→ HOW TO COMPLETE THIS TASK: Print exactly the line that contains "BOXED PAIR OF VIONIC MARIEL SLIPPERS SIZE 5", then every following line through the end of the material; include nothing else and no pictures.

→ SUPPLIED DATA:

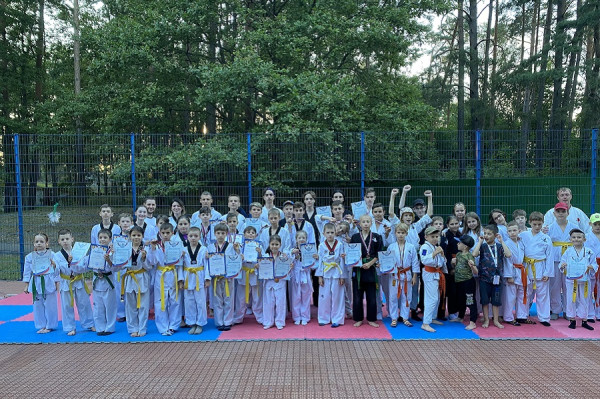 Приглашаем детей и взрослых стать частью большой спортивной семьи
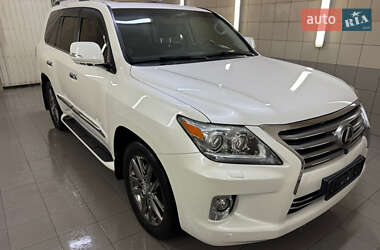 Позашляховик / Кросовер Lexus LX 2012 в 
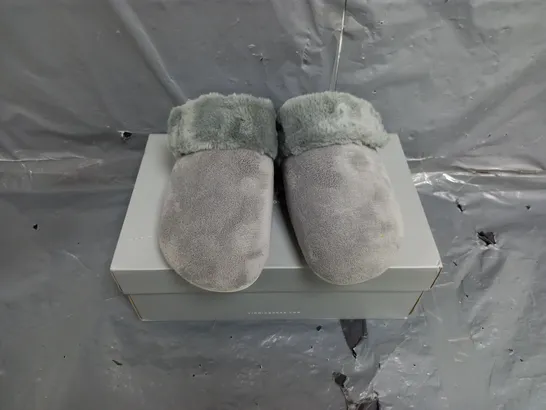 BOXED PAIR OF VIONIC MARIEL SLIPPERS SIZE 5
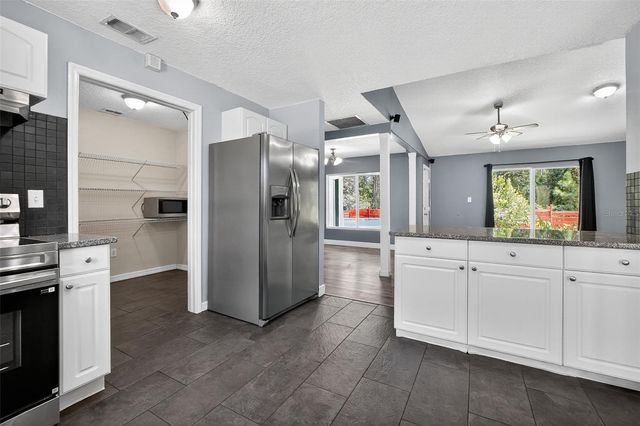 1385 11TH AVENUE, Deland, FL 32724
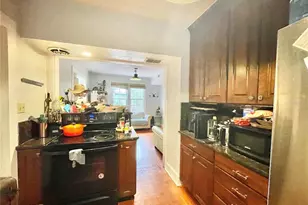 1035 NE 3rd Ave, Gainesville, FL 32601 - Photo 6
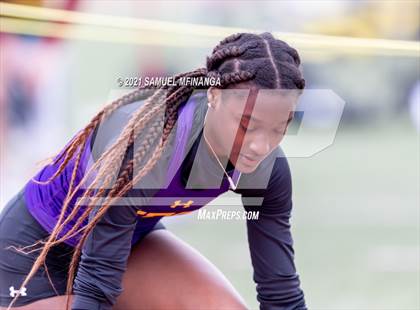 Thumbnail 1 in Harold Scott Invitational (400 Meter) photogallery.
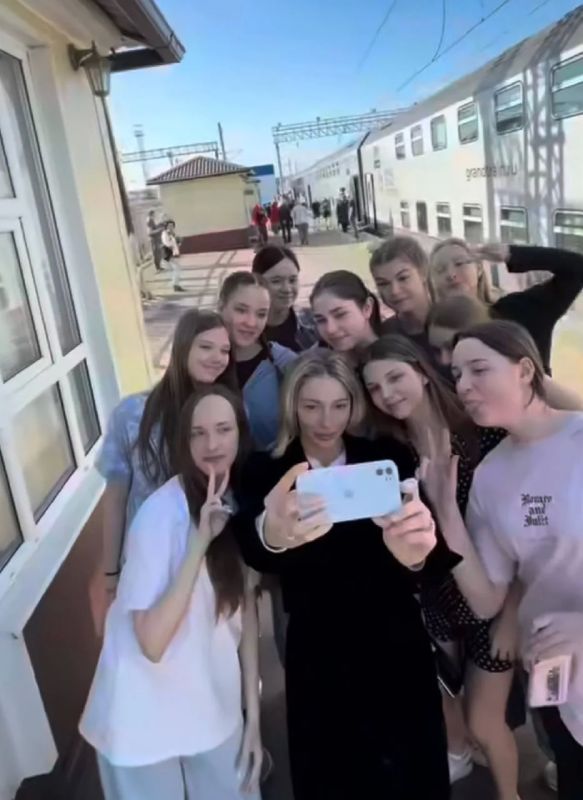 «Настя, Филипп, можно с вами сфоткаться?»: Ивлеева с мужем обрадовали фанатов в Крыму «Настя, Филипп, можно с вами сфоткаться?»: Ивлеева с мужем обрадовали фанатов в Крыму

→ EXERCISE RESULT:
 BOXED PAIR OF VIONIC MARIEL SLIPPERS SIZE 5
 1385 11TH AVENUE, Deland, FL 32724
 1035 NE 3rd Ave, Gainesville, FL 32601 - Photo 6
 Thumbnail 1 in Harold Scott Invitational (400 Meter) photogallery.
 «Настя, Филипп, можно с вами сфоткаться?»: Ивлеева с мужем обрадовали фанатов в Крыму «Настя, Филипп, можно с вами сфоткаться?»: Ивлеева с мужем обрадовали фанатов в Крыму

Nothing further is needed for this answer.